Es muy factible que Rush, por cierto, sea la película más taquillera en la que Brühl ha intervenido con un rol protagónico, pero es posible que al tiempo su sueldo y el dinero recaudado mundialmente por la película sea lo menos importante. Lo de verdad significativo es que su retrato de el corredor de fórmula uno Niki Lauda fue tan bueno -incluso obtuvo una nominación a un Globo de Oro- que a partir de ese momento no ha parado de tener trabajo en producciones respaldadas por nombres de prestigio y un fuerte aparato publicitario. Desde 2013 hasta ahora se ha puesto a las órdenes de directores como Anton Corbijn (A Most Wanted Man), Bill Condon (Woman in Gold) y el brasileño José Padilha (7 Days in Entebbe), por mencionar algunos.
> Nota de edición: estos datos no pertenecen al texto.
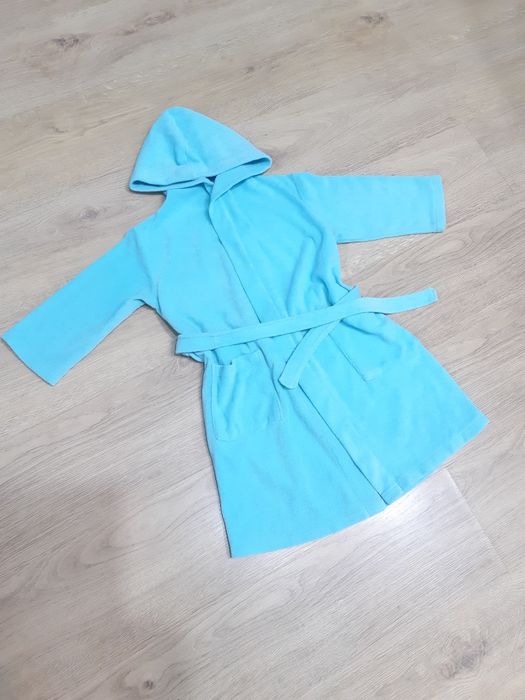 Szlafrok r. 104/110 kąpielowy basenowy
Asimismo se lo ha visto en la pantalla junto a estrellas de primer orden, como Jessica Chastain (The Zookeeper’s Wife), Emma Watson (Colonia) o el elenco casi completo de los famosísimos Avengers (The First Avenger: Civil War), en esta última ya no como un hombre justo y moral a lo Alex Werner sino encarnando a un villano de lo más ruin.

El otro Brühl

Ha sido tan apabullante el éxito de Daniel Brühl como actor -seamos francos: ningún otro histrión alemán de su generación ha conseguido tanto-, que casi hemos olvidado los logros de quien podríamos considerar su “otro yo”: César Martín Brühl González. Entre ellos destaca su actividad como restaurantero. Es bien sabido, al menos en Berlín, que el Bar Raval -nombre del barrio barcelonés en el que creció su madre-, ubicado en el distrito berlinés de Kreuzberg, es un negocio suyo. Lo abrió en 2011 en sociedad con un amigo, el también alemán de ascendencia española, Atilano González, y se le considera uno de los mejores lugares de la capital alemana en el ramo de tapas ibéricas. Su aceptación ha tenido tal alcance que la pareja de empresarios se animó a publicar en 2014 un libro en el que comparten los secretos de su éxito: ¡Tapas! Die Spanishe Kuche der Bar Raval, mismo que redactaron a cuatro manos.

Lo más llamativo es que no se trató de la primera incursión de Brühl en la escritura. En 2012 publicó, con el apoyo del periodista Javier Cáceres, Ein Tag in Barcelona, una suerte de guía para el viajero mediante la cual el actor describe los rincones que, a título personal, considera los más imprescindibles de una ciudad a la que ama y con la que mantiene un vínculo imperecedero. De hecho Brühl nunca pierde la oportunidad de manifestar su biculturalidad. Como bien dijo una vez: “mi padre es alemán y mi madre catalana y eso me encanta. La parte difícil ocurre sólo en los Mundiales de Fútbol. No sé a quién irle. Pero siempre me ha parecido una ventaja la posibilidad de crecer con dos países, el tener dos casas”. 

A estas alturas, ya por su singular origen, ya debido su cada vez más creciente nivel de popularidad, que a nadie sorprenda si el siguiente libro en su haber sea una minuciosa autobiografía. Compradores seguro que no faltarán.